Regions of Virginia - and Why Isn't There An East Virginia?

eastern Virginia in 1834
eastern Virginia in 1834
Source: Library of Congress, Map of the United States compiled from the latest and most accurate surveys by Amos Lay (1834)

Virginia is not homogenous - not yet. Despite the impact of radio, television, and now the Internet, and despite the proliferation of national chains like K-Mart and McDonalds, there are still distinctions between the people in different sections of Virginia. Virginia evolved in fits and starts, and is now a mosaic of different "spaces" that together compose the Commonwealth of Virginia as we know it today.

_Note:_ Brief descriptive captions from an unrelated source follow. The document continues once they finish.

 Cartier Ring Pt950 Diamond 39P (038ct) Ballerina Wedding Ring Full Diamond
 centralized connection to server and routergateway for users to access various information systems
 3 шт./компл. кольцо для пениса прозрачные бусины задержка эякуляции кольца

There are lots of regional nicknames, and residents of Virginia refer to various regions of the state. There's no guarantee that any two people would agree on the boundaries of these "colloquial" regions, however:

Northern Virginia
is Spotsylvania County or Clarke County included?
Inside the Beltway
is Tysons Corner included?
Shenandoah Valley
is Rockbridge County included?
Roanoke Valley
is Buchanan included?
Southwest Virginia
is Roanoke included?
is Southampton County included?
Hampton Roads
is Southampton County, Mathews County, or Northampton County included?
The Peninsula
is New Kent County included?
Middle Peninsula
is Caroline County included?
Northern Neck
is Fredericksburg included?
is Franklin County included?
Blue Ridge
is Charlottesville included?
New River Valley
is Floyd County included?
Virginia's Heartland
is any place an appendage rather than heartland?

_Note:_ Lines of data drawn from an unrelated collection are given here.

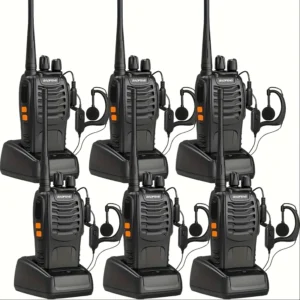 Rechargeable Long-Range Walkie Talkies (2-Pack)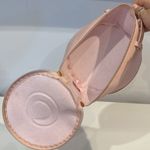 Monat Pink Circle Top Handle Cosmetic Toiletry Bag Photo 6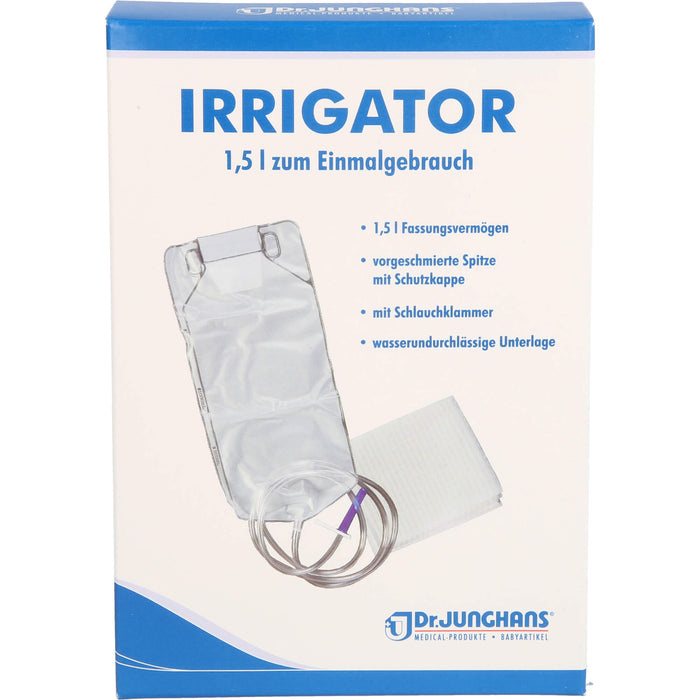 Irrigator 1,5L zum Einmalgebrauch kompl.m.Unterlag, 1 St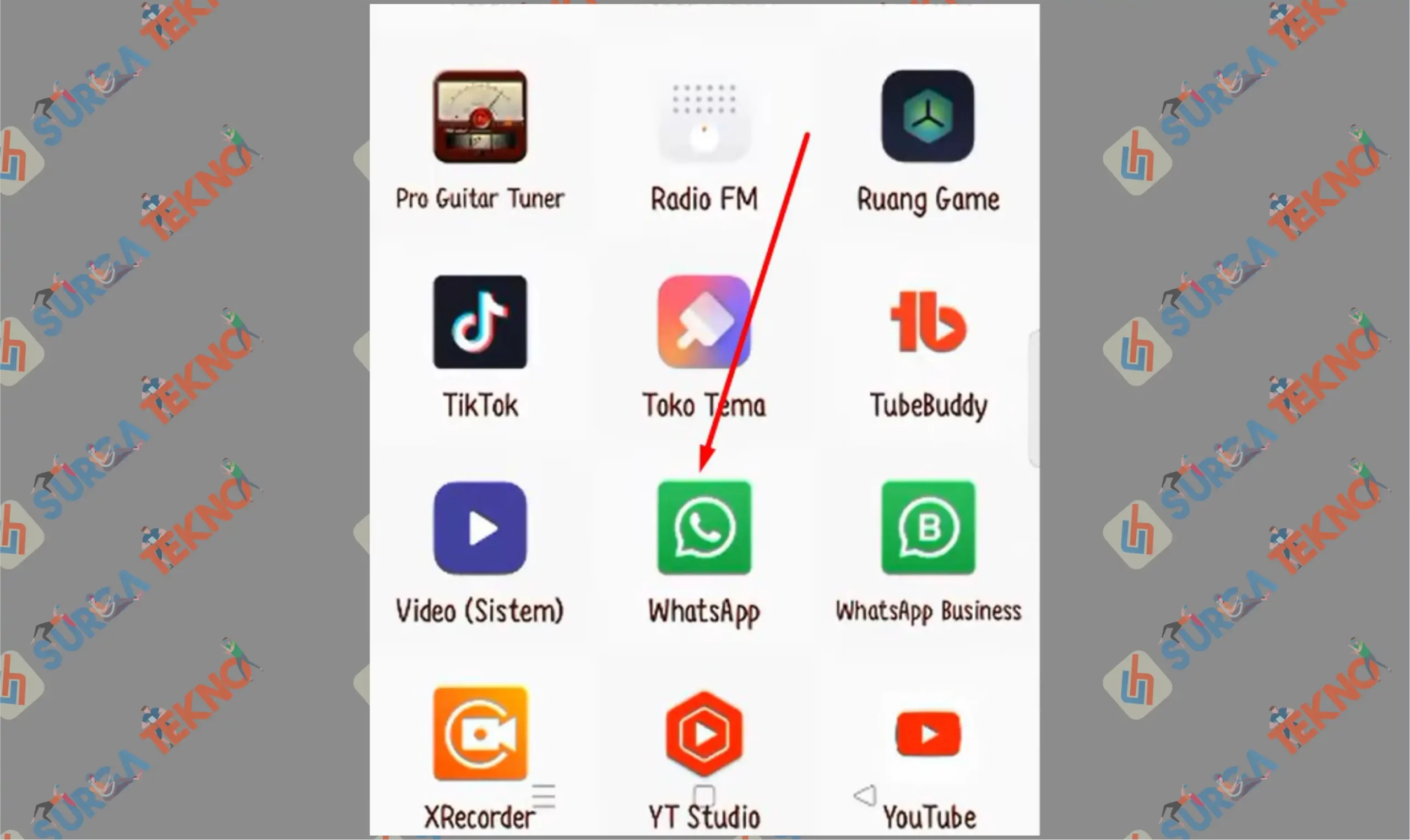 15 Pilih Aplikasi Whatsapp - Cara Ganti Ikon Aplikasi Android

In addition to the physiographic regions of Virginia, another way to carve up the state is to draw regional boundaries based on planning districts, as in The Nine Regions of Virginia by Jim Fonseca. However you draw the line, cultural regions share common characteristics that distinguish them in some way from other areas.

Virginia Regions

Until World War II, you could make an educated guess about a person's original home in Virginia by observing their distinctive accents, food preferences, and other patterns of behavior.

Today, bagels and Chinese take-out are common in Martinsville as well as Arlington. NASCAR is popular in Warrenton as well as Emporia. Sunday afternoon football is watched in Grundy as well as Virginia Beach, and people throughout the state type the same emoticons in text messages.

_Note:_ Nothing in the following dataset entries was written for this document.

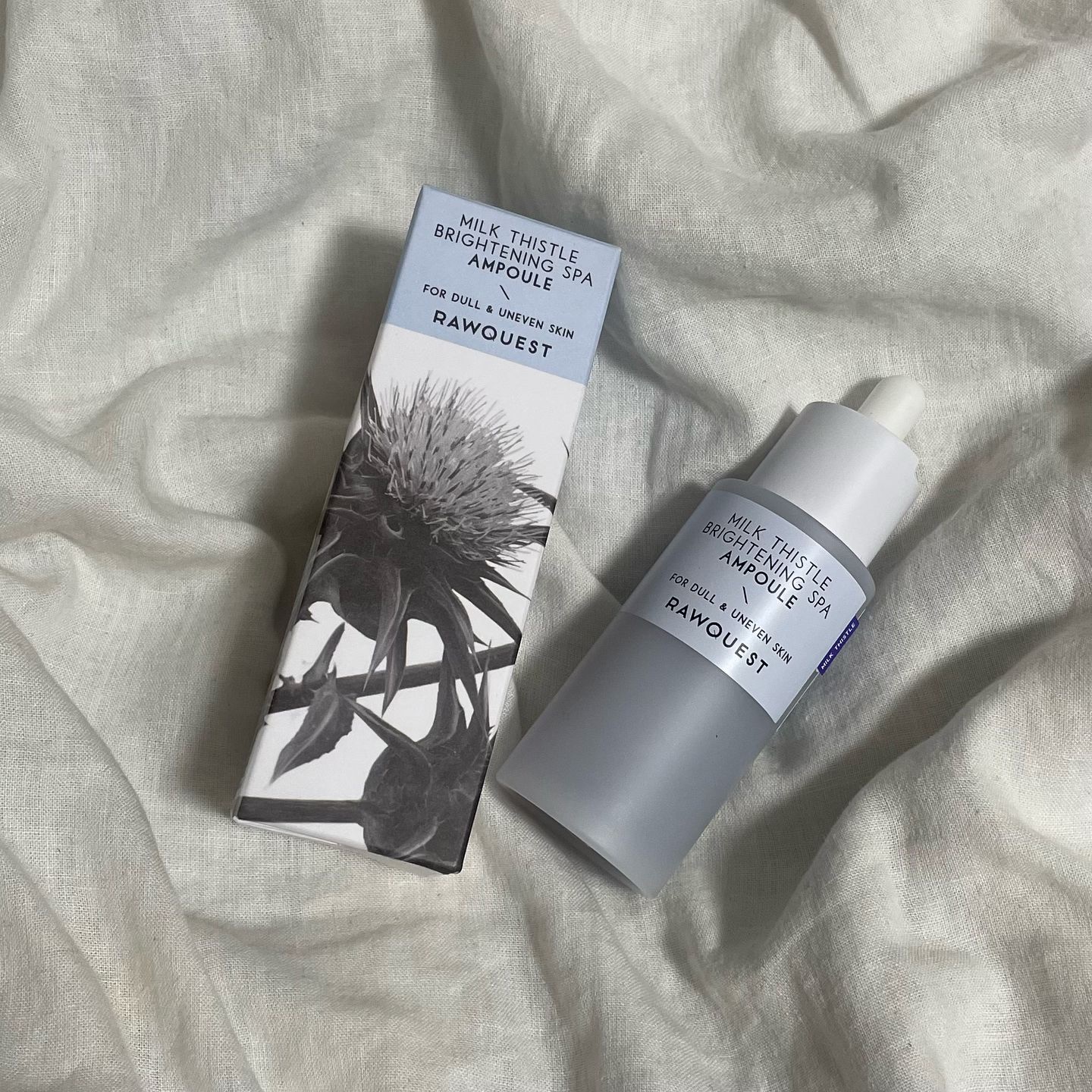 ミルクシスルブライトニングスパ アンプル/RAWQUEST/美容液を使ったクチコミ（1枚目）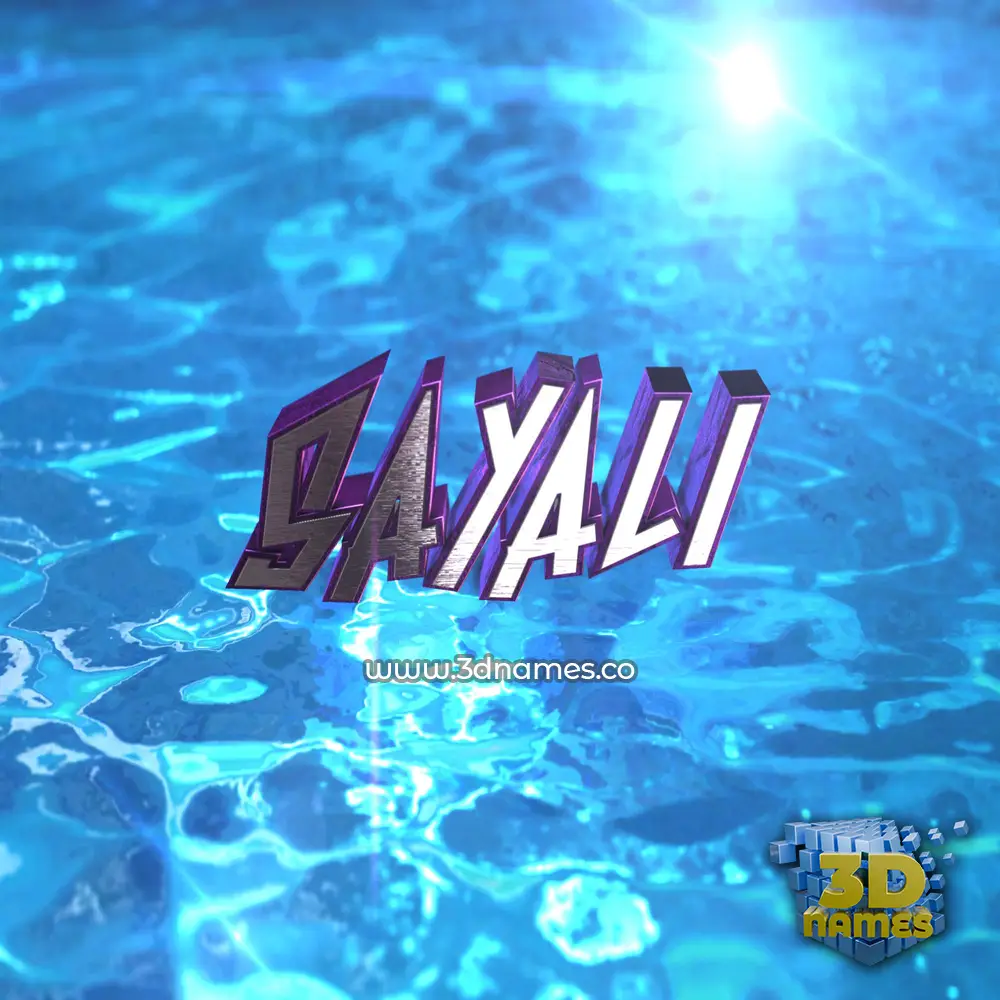 sayali in Water 2015 style - 3D name wallpaper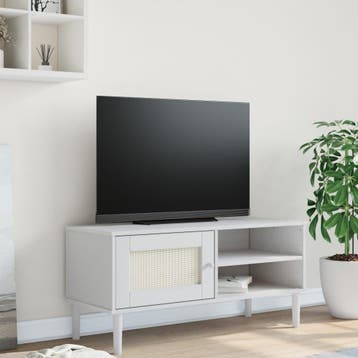 vidaXL Tv-meubel SENJA 106x40x49 cm rattan massief, Verzenden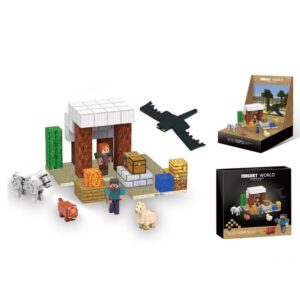 Minecraft DIY Magnetic Cubes Children's Magnetic Building Block Set for Creative Play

Still, there are differences between places and people in Virginia today. If you're in a Hardees in South Boston, notice the iced tea - odds are, it will be sweetened, unlike the iced tea in the Hardees at Fredericksburg. Manassas students debate whether the University of Virginia can beat Virginia Tech in football this year - or any year - while Danville students may follow the athletic successes of schools in North Carolina.

And while there are excellent Japanese restaurants in Roanoke and Garrison Keillor did Prairie Home Companion shows in the local coliseum, a Middleburg or McLean address will still carry far more social cachet - except in the West End of Richmond, where family name might carry more social weight than even the largest bank account.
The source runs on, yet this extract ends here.